The government’s main guide for predicting the direction of the economy was unchanged in July from June, the Commerce Department said Wednesday, but economists predict that it will soon point downward because of the Persian Gulf crisis.
The index of leading indicators, a basket of measures for gauging future economic activity, was unchanged in July after rising a revised 0.1% in June and 0.6% in May.
The July index showed a glimmer of strength in higher orders for manufactured goods, which analysts said could keep the economy out of recession. But the index did not reflect the plunge in consumer confidence, a component of the index, since Iraq’s invasion of Kuwait on Aug. 2.
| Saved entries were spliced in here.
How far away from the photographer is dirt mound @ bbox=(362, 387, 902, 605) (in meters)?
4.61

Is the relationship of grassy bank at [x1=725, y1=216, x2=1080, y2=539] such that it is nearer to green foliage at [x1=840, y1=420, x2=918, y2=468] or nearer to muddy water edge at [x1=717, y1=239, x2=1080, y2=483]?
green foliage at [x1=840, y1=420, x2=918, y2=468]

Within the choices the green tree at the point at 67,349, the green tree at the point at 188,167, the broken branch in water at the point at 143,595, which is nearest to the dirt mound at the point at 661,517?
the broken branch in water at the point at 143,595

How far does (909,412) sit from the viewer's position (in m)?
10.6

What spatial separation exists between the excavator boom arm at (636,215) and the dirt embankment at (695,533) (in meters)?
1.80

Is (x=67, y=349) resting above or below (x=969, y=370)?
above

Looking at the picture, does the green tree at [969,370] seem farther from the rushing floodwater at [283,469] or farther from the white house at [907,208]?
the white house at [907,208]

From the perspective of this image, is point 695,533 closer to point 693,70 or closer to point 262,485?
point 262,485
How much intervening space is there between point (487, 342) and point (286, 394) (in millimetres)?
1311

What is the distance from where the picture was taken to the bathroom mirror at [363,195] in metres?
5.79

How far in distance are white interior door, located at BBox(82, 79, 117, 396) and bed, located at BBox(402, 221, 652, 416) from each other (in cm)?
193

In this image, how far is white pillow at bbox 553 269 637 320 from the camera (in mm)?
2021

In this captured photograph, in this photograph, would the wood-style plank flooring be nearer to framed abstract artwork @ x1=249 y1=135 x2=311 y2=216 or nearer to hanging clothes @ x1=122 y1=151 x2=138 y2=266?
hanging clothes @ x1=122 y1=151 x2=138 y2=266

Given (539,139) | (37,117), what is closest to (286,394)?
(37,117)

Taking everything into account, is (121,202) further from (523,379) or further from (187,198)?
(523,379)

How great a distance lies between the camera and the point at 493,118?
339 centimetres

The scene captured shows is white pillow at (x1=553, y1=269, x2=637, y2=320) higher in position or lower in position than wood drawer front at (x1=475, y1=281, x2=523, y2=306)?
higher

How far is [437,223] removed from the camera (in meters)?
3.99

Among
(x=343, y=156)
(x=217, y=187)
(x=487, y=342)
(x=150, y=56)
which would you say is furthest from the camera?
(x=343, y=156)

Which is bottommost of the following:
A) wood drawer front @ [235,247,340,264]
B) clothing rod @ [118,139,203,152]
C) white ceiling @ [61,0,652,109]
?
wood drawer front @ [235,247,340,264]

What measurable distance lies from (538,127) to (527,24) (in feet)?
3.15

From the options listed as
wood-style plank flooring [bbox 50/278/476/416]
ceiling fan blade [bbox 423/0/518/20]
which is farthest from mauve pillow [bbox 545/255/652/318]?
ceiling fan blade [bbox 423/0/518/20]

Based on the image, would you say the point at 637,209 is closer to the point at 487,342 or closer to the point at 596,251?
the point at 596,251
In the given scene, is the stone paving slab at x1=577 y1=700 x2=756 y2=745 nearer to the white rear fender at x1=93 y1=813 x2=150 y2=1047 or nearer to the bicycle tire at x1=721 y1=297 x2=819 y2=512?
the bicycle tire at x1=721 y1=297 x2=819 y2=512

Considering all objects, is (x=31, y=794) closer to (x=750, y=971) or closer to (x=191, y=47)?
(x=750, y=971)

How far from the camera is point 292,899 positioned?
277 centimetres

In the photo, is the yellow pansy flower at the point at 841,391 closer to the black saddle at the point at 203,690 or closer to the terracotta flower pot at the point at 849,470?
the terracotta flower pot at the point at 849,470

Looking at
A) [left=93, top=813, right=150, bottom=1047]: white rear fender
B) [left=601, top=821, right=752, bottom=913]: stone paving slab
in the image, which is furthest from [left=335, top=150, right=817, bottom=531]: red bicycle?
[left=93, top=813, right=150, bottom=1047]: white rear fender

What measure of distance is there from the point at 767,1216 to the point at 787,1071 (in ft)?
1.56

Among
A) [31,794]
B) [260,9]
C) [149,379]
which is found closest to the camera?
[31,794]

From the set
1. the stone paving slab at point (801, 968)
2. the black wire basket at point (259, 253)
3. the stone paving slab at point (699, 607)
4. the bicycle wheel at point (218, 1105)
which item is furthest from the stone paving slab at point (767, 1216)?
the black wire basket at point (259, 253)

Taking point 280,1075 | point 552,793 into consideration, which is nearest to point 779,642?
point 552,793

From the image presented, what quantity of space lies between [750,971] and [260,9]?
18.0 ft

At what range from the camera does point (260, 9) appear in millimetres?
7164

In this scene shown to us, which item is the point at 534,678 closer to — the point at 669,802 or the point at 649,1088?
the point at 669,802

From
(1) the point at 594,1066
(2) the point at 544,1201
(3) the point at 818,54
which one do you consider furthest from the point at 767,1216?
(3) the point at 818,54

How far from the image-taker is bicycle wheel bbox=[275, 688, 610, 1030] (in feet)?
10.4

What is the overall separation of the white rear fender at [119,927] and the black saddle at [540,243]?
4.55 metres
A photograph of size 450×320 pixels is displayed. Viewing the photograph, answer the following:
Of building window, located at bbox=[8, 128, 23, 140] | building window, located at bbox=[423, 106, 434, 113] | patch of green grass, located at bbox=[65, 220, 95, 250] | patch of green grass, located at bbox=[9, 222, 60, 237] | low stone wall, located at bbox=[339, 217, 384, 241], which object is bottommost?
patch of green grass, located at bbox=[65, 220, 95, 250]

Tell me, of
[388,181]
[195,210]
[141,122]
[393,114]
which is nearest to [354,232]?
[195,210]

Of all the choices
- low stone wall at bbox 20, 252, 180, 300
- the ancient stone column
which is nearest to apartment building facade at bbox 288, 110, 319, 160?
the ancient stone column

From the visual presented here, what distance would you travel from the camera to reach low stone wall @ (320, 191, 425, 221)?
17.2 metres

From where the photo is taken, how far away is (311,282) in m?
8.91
The Conference Board, a New York business research group, said Monday that consumer optimism about the economy was at its lowest level in more than seven years because of concern over the Mideast crisis, which has sent energy prices soaring.
“We still think the economy has enough momentum to avoid a recession,” said Daryl Delano, senior economist with Cahners Economics in Newton, Mass. “But this index is likely to be down sharply in August.”
The index is designed to predict the economy’s direction in six to nine months’ time. Financial markets showed little response to the report because the July data has been overshadowed by Mideast developments.
Delano said he has revised his forecast for total 1990 growth in gross national product down to 1.4% from 2% but believes that stronger overseas sales will keep the United States out of recession. The declining dollar has made U.S. products more competitive in foreign markets.
The GNP grew at a sluggish 1.2% annual rate between April and June, down from 1.7% in the first quarter.